Exercise prompt =>
Word for word, retype every line of the data.

Stored data =>
================

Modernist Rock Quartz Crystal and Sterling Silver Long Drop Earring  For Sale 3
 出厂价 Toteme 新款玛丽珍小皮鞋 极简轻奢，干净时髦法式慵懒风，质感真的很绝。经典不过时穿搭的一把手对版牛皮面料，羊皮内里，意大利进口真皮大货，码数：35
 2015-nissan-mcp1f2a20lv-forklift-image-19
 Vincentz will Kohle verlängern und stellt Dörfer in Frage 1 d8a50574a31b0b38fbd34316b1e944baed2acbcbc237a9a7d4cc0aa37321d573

================

Task result =>
Modernist Rock Quartz Crystal and Sterling Silver Long Drop Earring  For Sale 3
 出厂价 Toteme 新款玛丽珍小皮鞋 极简轻奢，干净时髦法式慵懒风，质感真的很绝。经典不过时穿搭的一把手对版牛皮面料，羊皮内里，意大利进口真皮大货，码数：35
 2015-nissan-mcp1f2a20lv-forklift-image-19
 Vincentz will Kohle verlängern und stellt Dörfer in Frage 1 d8a50574a31b0b38fbd34316b1e944baed2acbcbc237a9a7d4cc0aa37321d573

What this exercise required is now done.